We grew up in a death cult, under the shadows of war. And yet we craved the adventure, as if it were inevitable that we would one day have to fight, just like all the other generations.
My last memory of that night is that we each climbed a tree, pretending to be snipers. I went as high as I could through the scratching branches. I could just make out the hulk of Ed hugging his tree next to mine as we fell into a reverential silence. I stood on a branch just thick enough to take my weight. I hugged the trunk as the wind tipped and swayed the tree. The shushing swell was like a lullaby and I was a bug on the tip of a metronome. I became one with the tree and dissolved into the darkness.
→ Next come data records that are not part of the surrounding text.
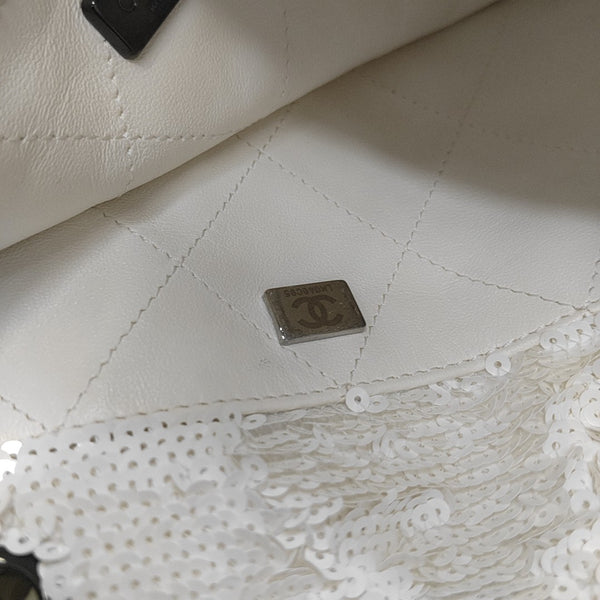 Sequins Shoulder Bag White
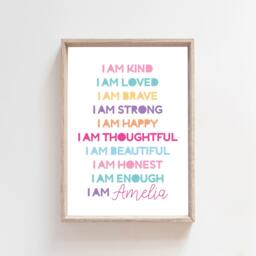 Girls Affirmation Prints, Bedroom Decor, I Am, Positive, Personalised Affirmations, Kids Wall Art, Playroom - thumbnail 1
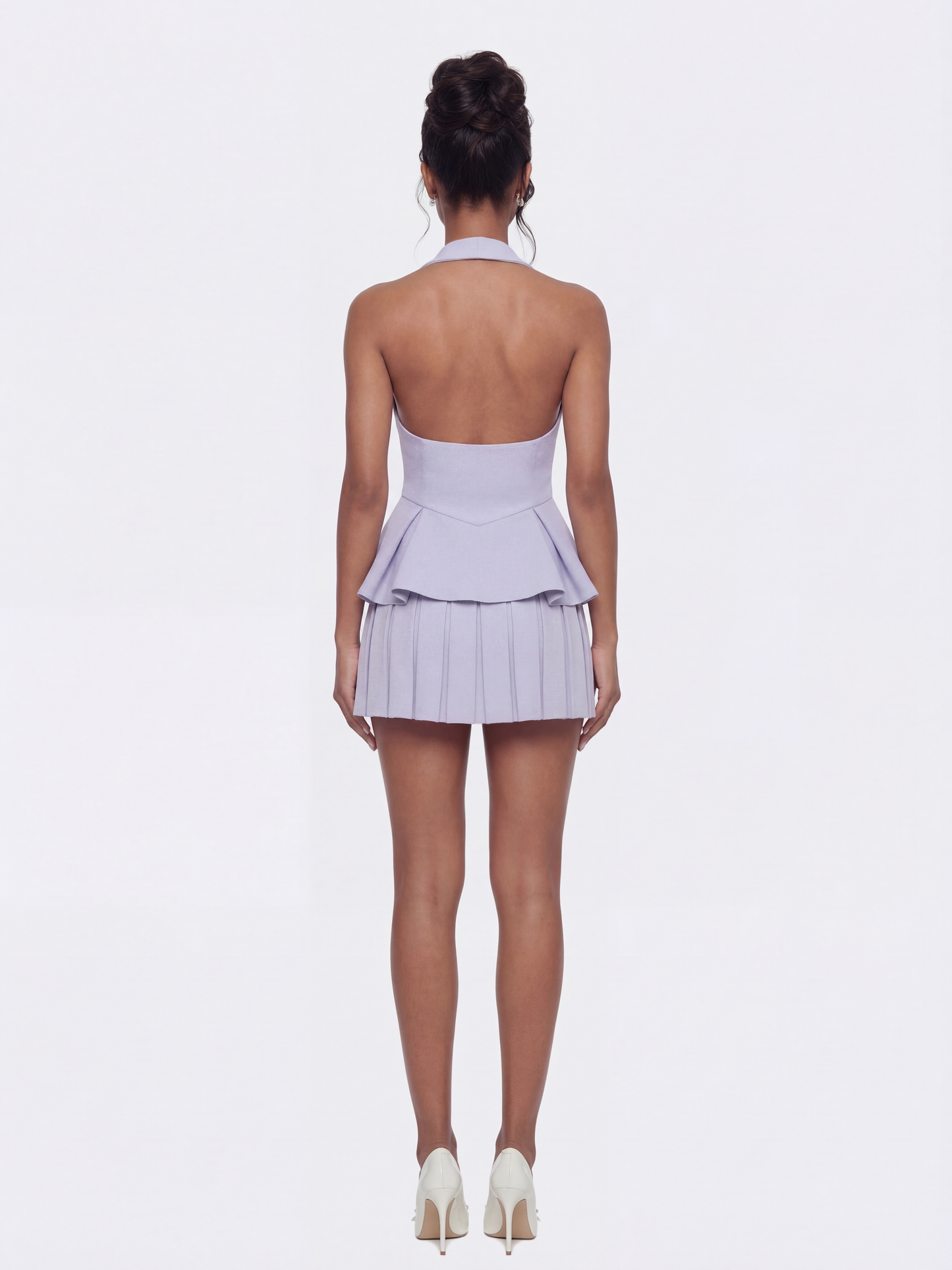 Camille Tailored Pleated Purple Mini Skirt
Years later, Ed and I were punks. We rebelled against the hippy bullshit. One day, Ed took his dad’s hair clippers and gave himself a Travis Bickle mohawk.
“You lookin’ at me? I don’t see anyone else around here.”
“Someday a real rain will come and wash all the scum off the streets.”
Our prophets were Jello Biafra and Henry Rollins. “I’ve got a six-pack and nothin’ to do.”
We rode the 68 and 64 downtown to see all the great Montreal punk bands at The Rising Sun: No Policy, Fair Warning, Genetic Control and The Nils. One night at a punk show in a church basement on Mont Royal we slam danced and drank beer after beer.
There was a holy moment when we grabbed each other by the scruff of the neck and spun around in a chaotic embrace amid the prowling, bashing, gyrating slammers. It was like tackle football. The power chords churned and the drums thrashed. We spun faster and faster laughing our tits off; our eyes connected across past-life eons. We were a buzzing molecule until our legs slipped on the suds-slick floor and we split like separate atoms, spilling across the floor into the discarded plastic cups.
The day he died I was lying in bed with Karine at around 11 p.m. and my phone rang. It was my friend, the brother of Ed’s wife.
“Hey man, where’s the party?” I said, thinking that’s the only reason he would call me so late.
“No party. I wish that was why I’m calling. I’m at the hospital. Mike, it’s Ed.”
“What happened?’
“He fell.”
“How far?”
“50 Feet.”
“Is he Ok? Is he going to be OK?”
“He hit his head.”
“Is he alive?”
“He’s alive, but it’s more a question of what’s going on in there.”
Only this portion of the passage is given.